The soul-crushing slog of playing on a bad NFL team

ByMATT BOWEN
November 28, 2016, 8:41 AM

— -- When a season starts to slip away, as it has for many teams around the league right now, it breaks your soul as a player. The energy level in the building dips, the attention to detail falls off, the game prep starts to feel like homework. You start looking toward the offseason, just hoping to make it through the rest of the games healthy.

I experienced it firsthand back in 2003 as a member of Steve Spurrier's Washington Redskins. After a 3-1 start that included a win over Tom Brady and the Patriots, we were talking big at the beginning of October: playoffs, Super Bowl, Pro Bowls. Hey, everyone wanted in on this thing. Jump on the train.

But success in the NFL can be so fleeting. We lost the next four games and never recovered. From 3-1 to 5-11. Brutal.

There's a reason coach Hue Jackson got visibly emotional while trying to describe how the Browns still haven't won a game this season. Remember, these dudes on bad football teams -- coaches, players, executives -- they're all human. And when the wheels start to loosen on a season and eventually fall off, there's nowhere to hide.

I still remember a Sunday night game down in Miami when we blew a big lead. It was our sixth loss in seven games. The winning touchdown? The Dolphins caught us in a blitz, and I was left to make the tackle on Ricky Williams. But that didn't happen. Nope. Instead, I took a stiff-arm to the face as Williams walked in for the score. Good-bye.

I still remember traveling to Chicago in Week 16, with Spurrier promising us an extended "Victory Monday" if we won that game -- three days off heading into the final week of the season. He threw a carrot out there for us, doing anything to buy a win. Didn't work. Paul Edinger kicked a game-winning field goal with five seconds left to beat us.

I still remember Week 17, when we got shredded in our final home game by the Eagles. 31-7. In my opinion, Andy Reid called off the dogs in that one. He took it easy on us. Philly could've scored 40 or maybe even 50 if they wanted to.

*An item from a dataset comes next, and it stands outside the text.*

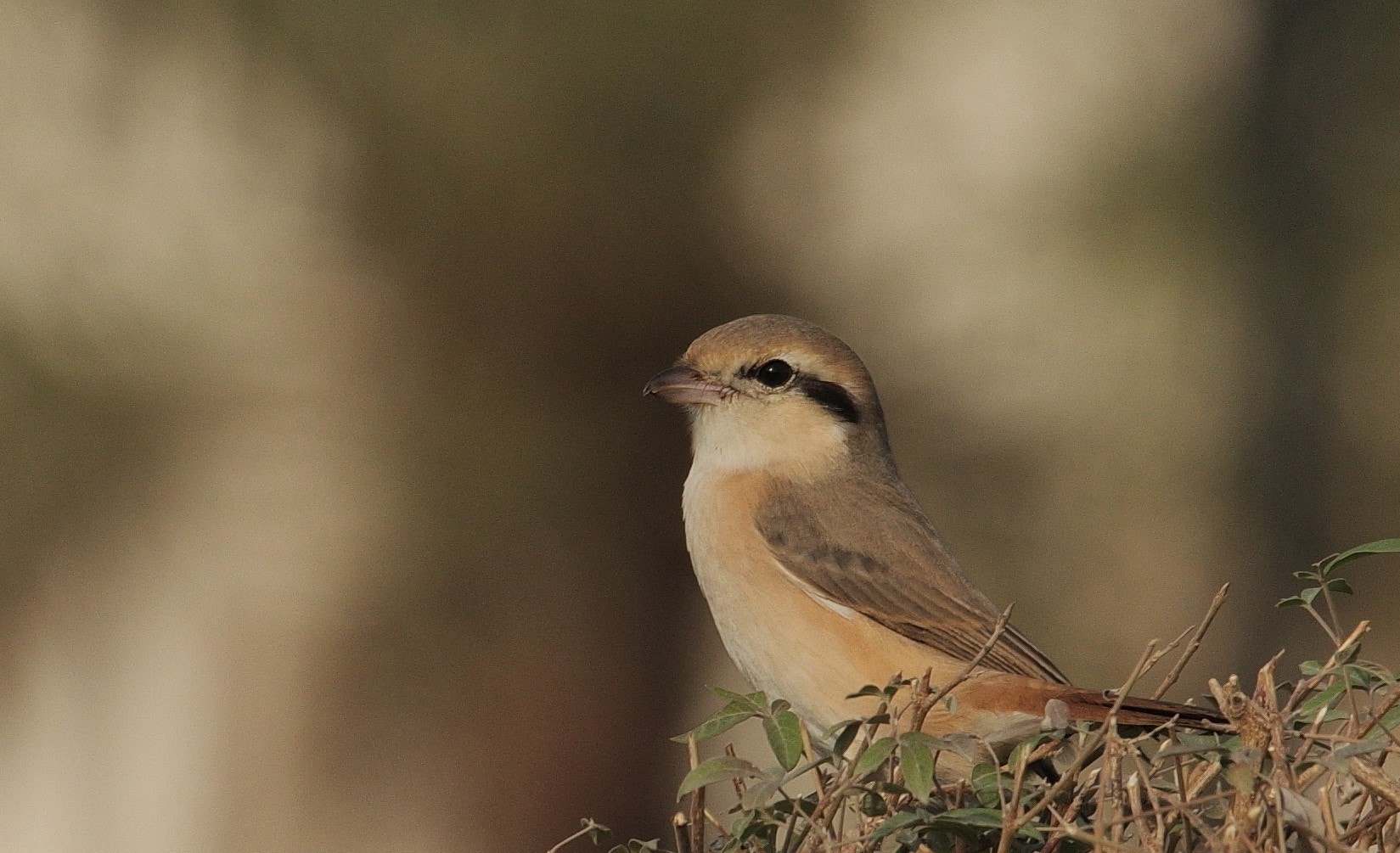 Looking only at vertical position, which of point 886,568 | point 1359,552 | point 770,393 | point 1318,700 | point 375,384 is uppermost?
point 375,384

That Eagles team went to the NFC Championship Game. Our squad? We went home.

Yeah, we had some injuries. But so did everyone else. That's life in the league. Talent? There was enough in our locker room to win.

Coaching? I loved the defensive staff. And while Spurrier's stock as an NFL coach never recovered, I'm not going to blame him. No way. Sure, I didn't agree with some of the structure of his program or the style of practices we had late in the season, but Spurrier didn't get stiff-armed by Ricky or smoked by Keyshawn Johnson on a post route in a blowout loss to the Bucs. Nope. That was me.

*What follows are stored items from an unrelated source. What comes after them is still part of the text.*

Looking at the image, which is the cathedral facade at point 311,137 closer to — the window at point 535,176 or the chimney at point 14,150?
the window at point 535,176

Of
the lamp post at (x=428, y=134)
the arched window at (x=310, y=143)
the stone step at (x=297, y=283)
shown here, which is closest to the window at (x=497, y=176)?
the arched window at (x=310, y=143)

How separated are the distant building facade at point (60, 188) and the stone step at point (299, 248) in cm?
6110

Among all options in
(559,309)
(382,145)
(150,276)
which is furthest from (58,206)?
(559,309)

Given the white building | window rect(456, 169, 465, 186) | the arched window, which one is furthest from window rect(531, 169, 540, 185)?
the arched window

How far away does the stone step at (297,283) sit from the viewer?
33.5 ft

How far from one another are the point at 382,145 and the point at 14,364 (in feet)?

A lot of us had an idea that Spurrier wouldn't be back the next season once the calendar flipped to December. And a lot of us were right. Owner Dan Snyder replaced Spurrier with Joe Gibbs in the offseason. And I would say uncertainty surrounding the head coach had an impact on the locker room, practice and our overall game prep as we finished out the year.

Things just started to drag a bit. The pace of practice slowed down, the film study slipped and the game plans got lighter. We became that team sleepwalking through the daily routine. It was now "work" at the facility. That excitement of getting a fresh game plan? That's for the playoff teams, the contenders. I've experienced that excitement. And it's great.

But we didn't have that anymore. It was gone. Just like the energy in the building. That stuff quickly evaporated over the last month and a half of the season. Now we were just football zombies throughout the week. Clock in and clock out. Take some notes, and head home.

Game day? Yeah, we still played hard because you have to in order to survive an NFL Sunday. You go out there soft, and you'll probably end up on the cart with an injury. This game is too fast and too physical to walk around on that field like you don't care. Plus, we all knew we were basically auditioning for next season and the next head coach in Washington. Better put something good on tape, right?

I often say that NFL seasons are fragile. And when the team breaks -- or shatters into a thousand little pieces like it did in 2003 -- you don't recover as a player. You just try to survive.

ESPN.com NFL analyst Matt Bowen played seven seasons as a defensive back in the NFL.